- DATA SUPPLIED -
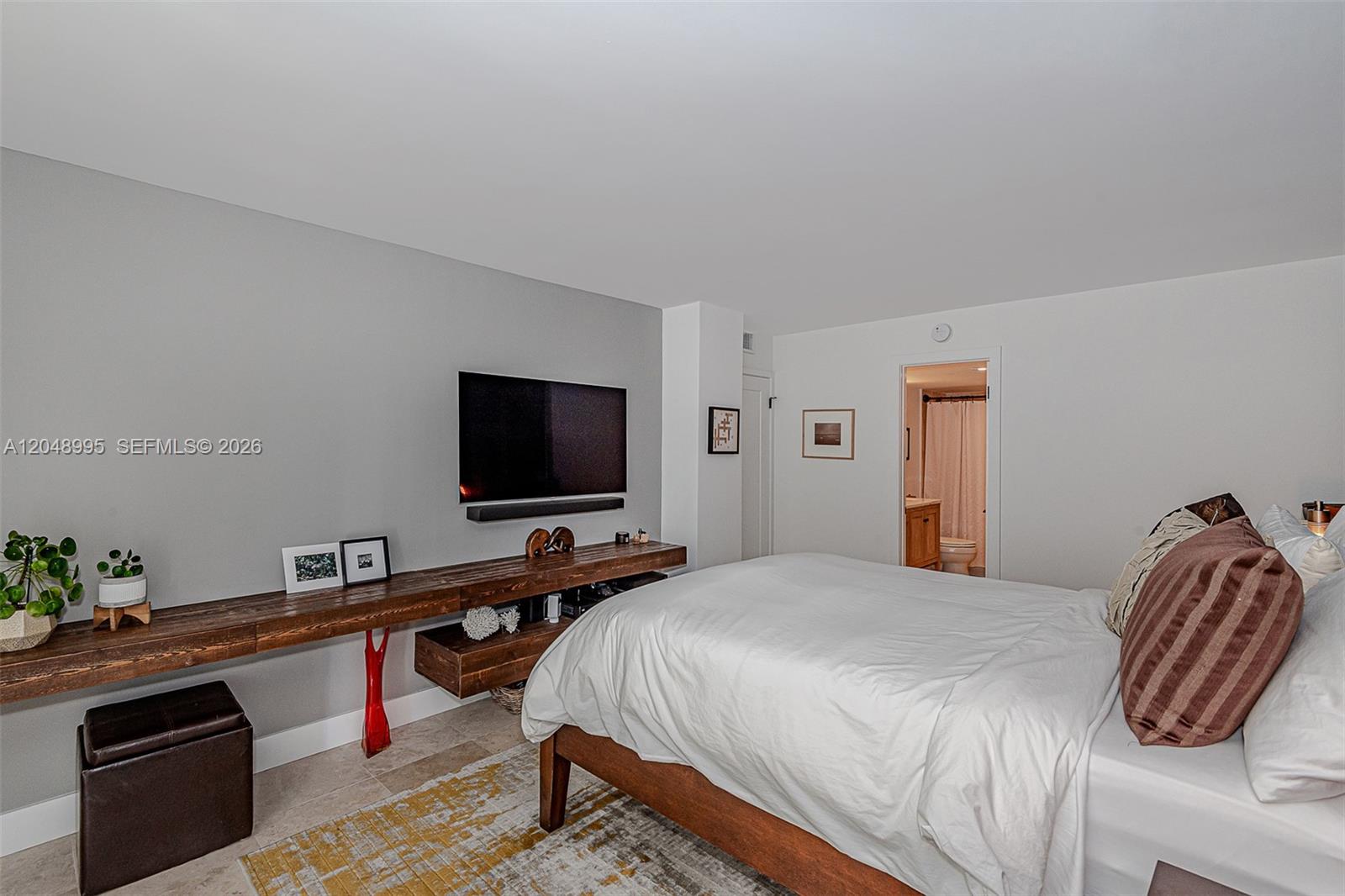 600 NE 36th Street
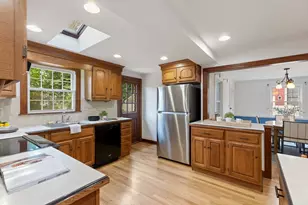 19 Colonial Dr, Arlington, MA 02474 - Photo 13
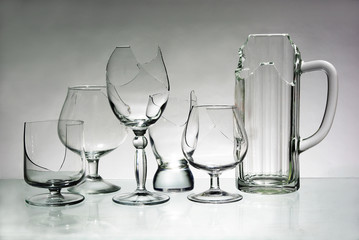 Empty broken glasses, glasses, mugs for alcoholic beverages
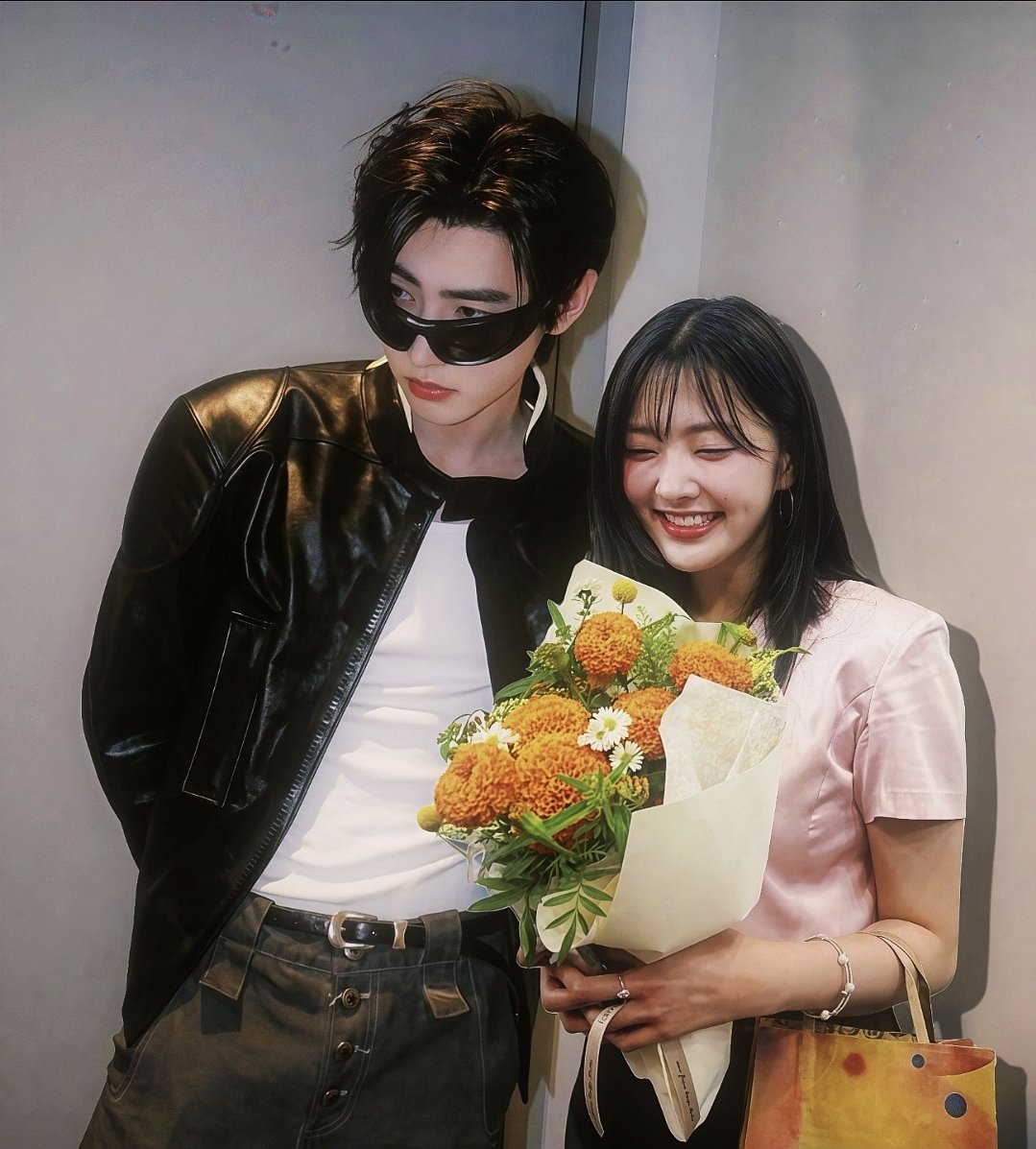 sablezip's tweet photo. how do you spend your weekend? this weekend my boyfie just bought me this beautiful flowers💐 (don't mind him, he's in his nonchalant era lol) https://t.co/qAlr68KOUw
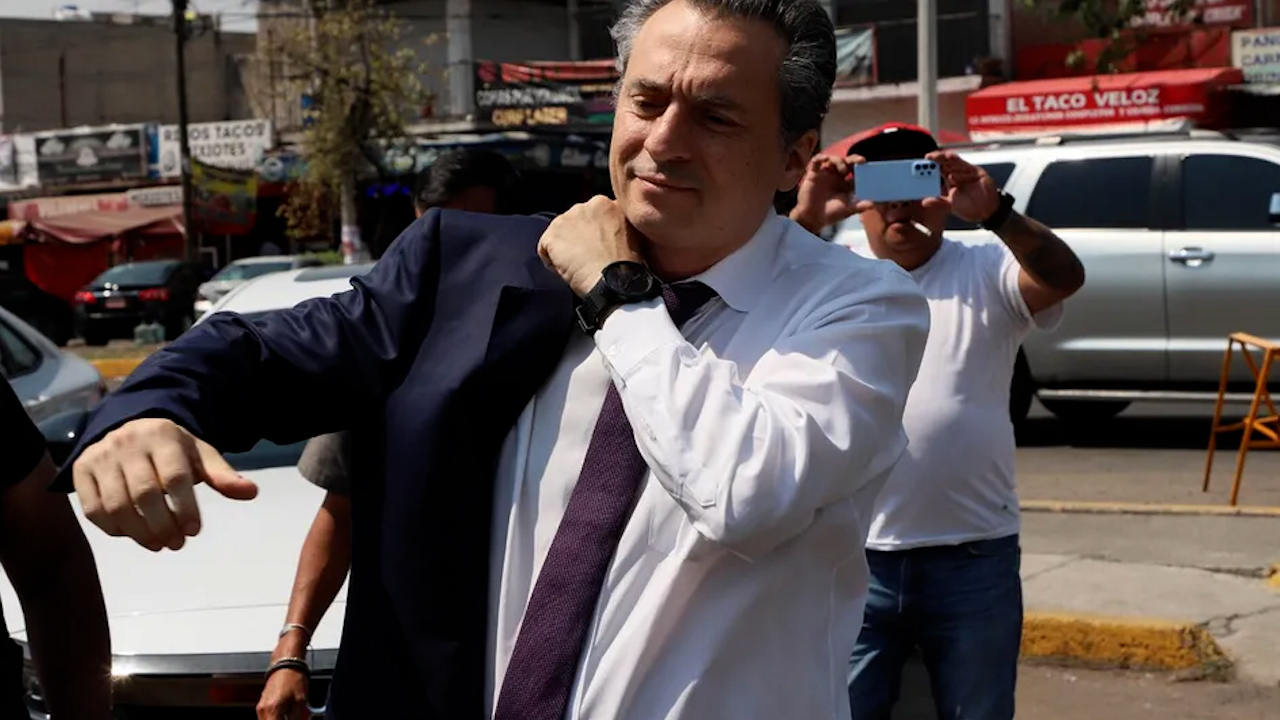 Lozoya acusa falta de imparcialidad de ministros y los vincula con Calderón y Scherer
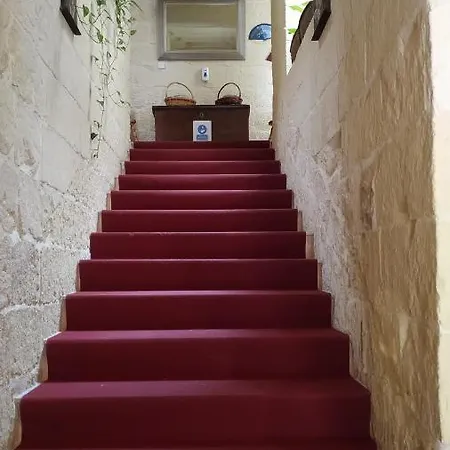 בית כפרי Ta' Lorenzo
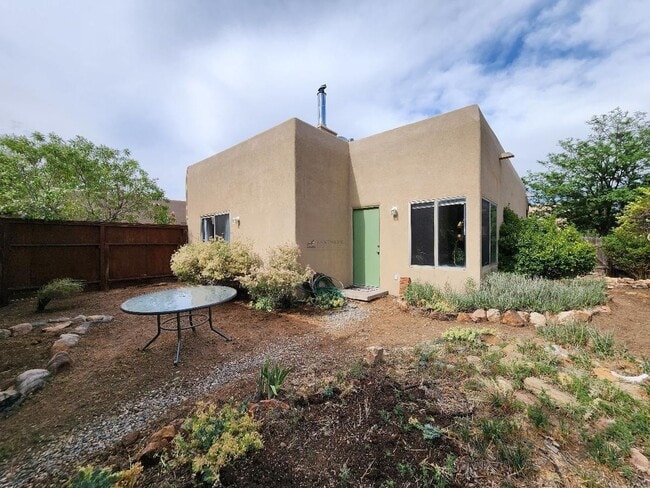 Building Photo - 4028 Paseo del Sol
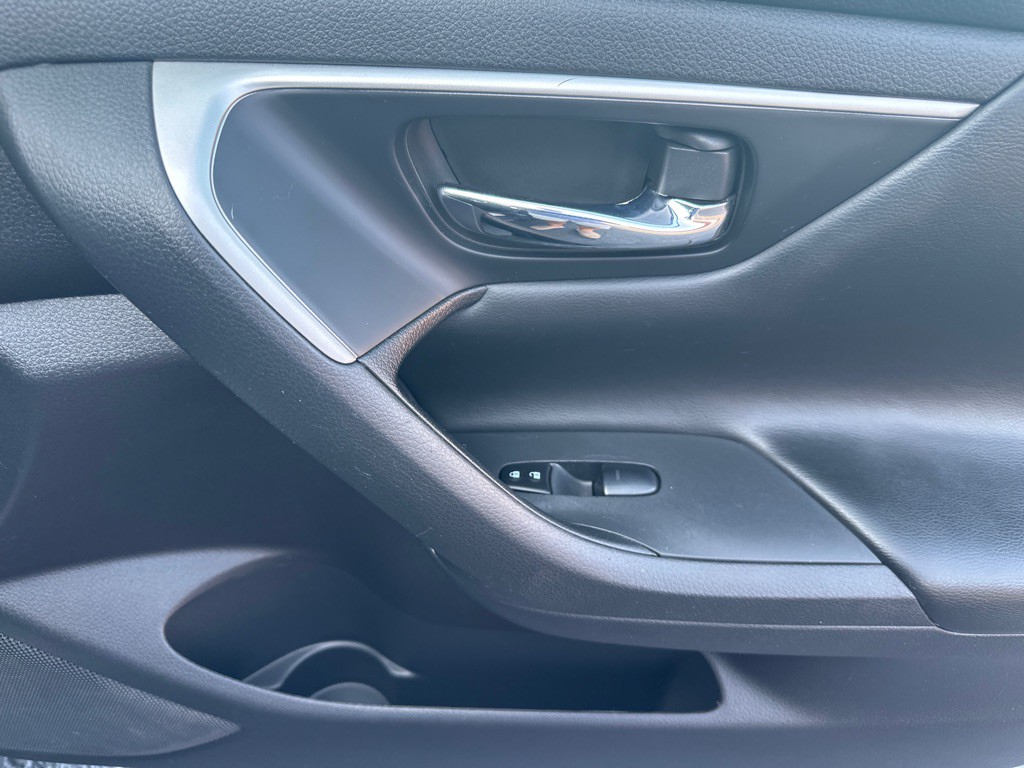2017 Nissan Altima Image 11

- WHAT THE TASK ASKS -
Everything in the listing is to be returned word for word, except the pictures.

- RESPONSE BELOW -
 600 NE 36th Street
 19 Colonial Dr, Arlington, MA 02474 - Photo 13
 Empty broken glasses, glasses, mugs for alcoholic beverages
 sablezip's tweet photo. how do you spend your weekend? this weekend my boyfie just bought me this beautiful flowers💐 (don't mind him, he's in his nonchalant era lol) https://t.co/qAlr68KOUw
 Lozoya acusa falta de imparcialidad de ministros y los vincula con Calderón y Scherer
 בית כפרי Ta' Lorenzo
 Building Photo - 4028 Paseo del Sol
2017 Nissan Altima Image 11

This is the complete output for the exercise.